▶ [MATERIAL FOR THE TASK]
__________________________________________________
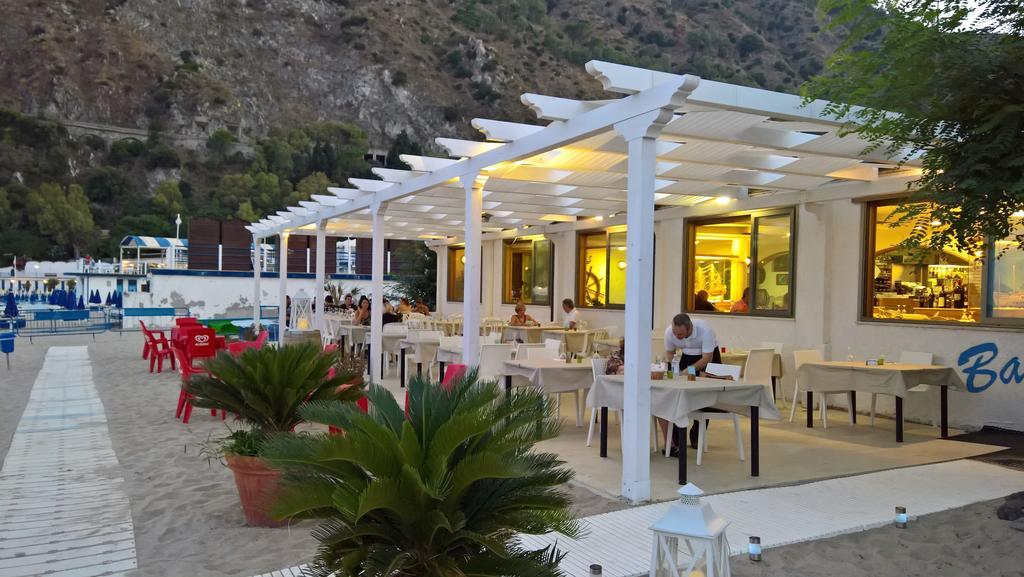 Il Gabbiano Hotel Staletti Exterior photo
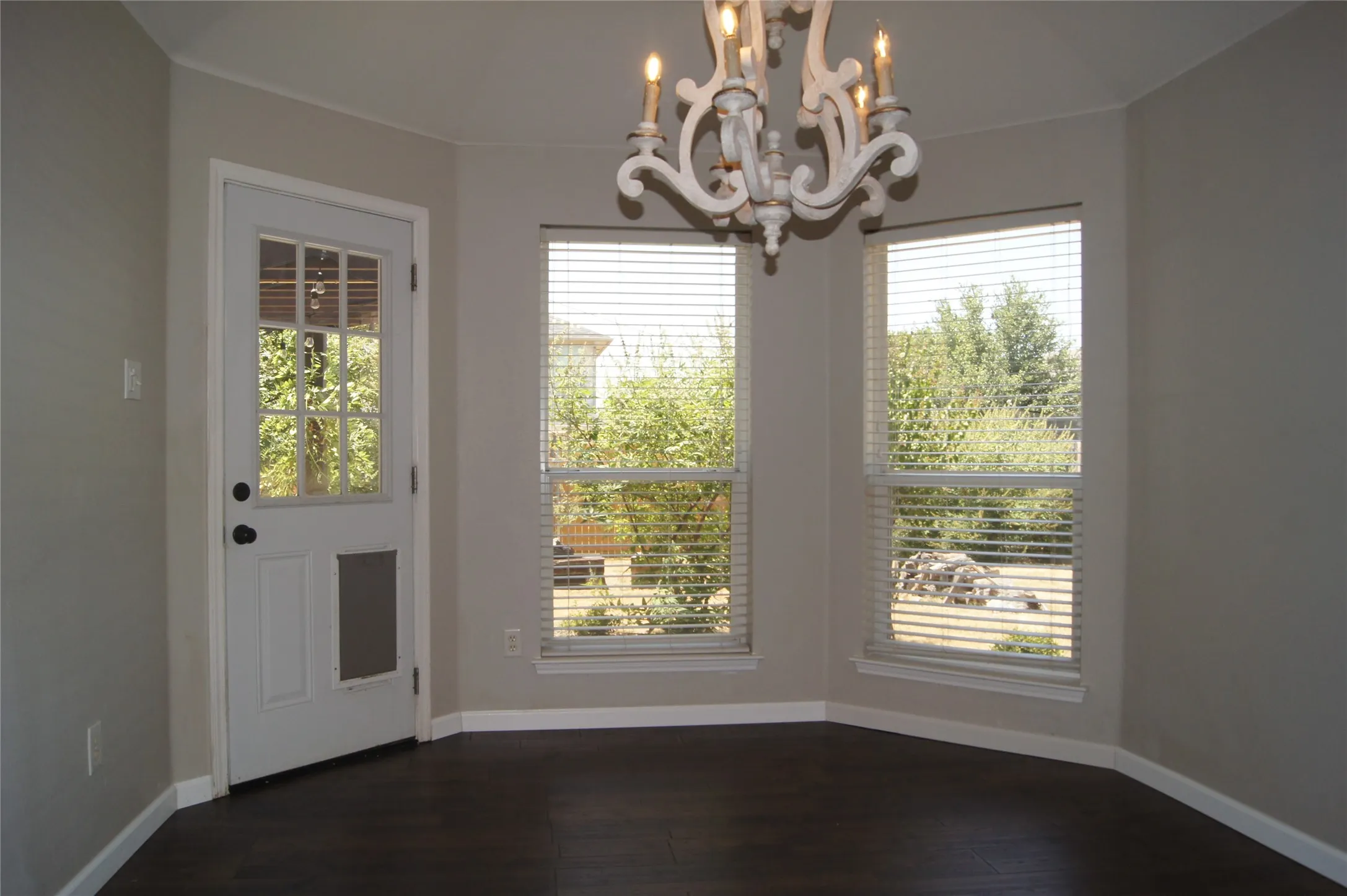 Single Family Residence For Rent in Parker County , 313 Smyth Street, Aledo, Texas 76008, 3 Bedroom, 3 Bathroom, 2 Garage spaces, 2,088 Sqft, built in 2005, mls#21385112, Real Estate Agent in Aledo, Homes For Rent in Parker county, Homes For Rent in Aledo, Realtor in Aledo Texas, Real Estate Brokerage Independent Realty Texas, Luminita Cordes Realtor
__________________________________________________
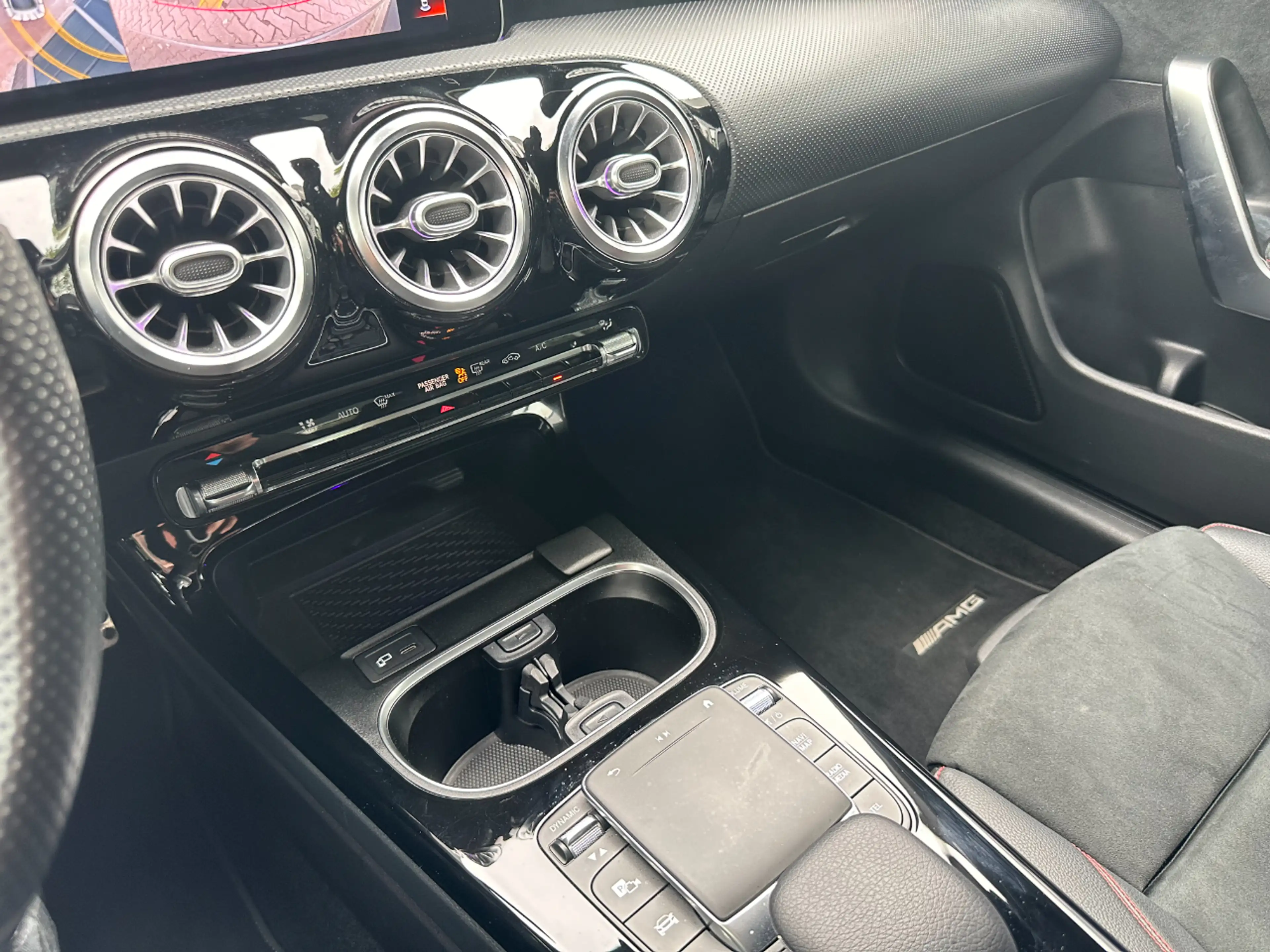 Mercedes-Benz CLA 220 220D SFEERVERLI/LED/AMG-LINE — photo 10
__________________________________________________
▶ [WORK ORDER]
Once the line with "Il Gabbiano Hotel Staletti Exterior photo" has been found above, output that line and every later line exactly, stopping after the line with "Single Family Residence", and omit the pictures.

▶ [ANSWER TO THIS PROBLEM]
 Il Gabbiano Hotel Staletti Exterior photo
 Single Family Residence For Rent in Parker County , 313 Smyth Street, Aledo, Texas 76008, 3 Bedroom, 3 Bathroom, 2 Garage spaces, 2,088 Sqft, built in 2005, mls#21385112, Real Estate Agent in Aledo, Homes For Rent in Parker county, Homes For Rent in Aledo, Realtor in Aledo Texas, Real Estate Brokerage Independent Realty Texas, Luminita Cordes Realtor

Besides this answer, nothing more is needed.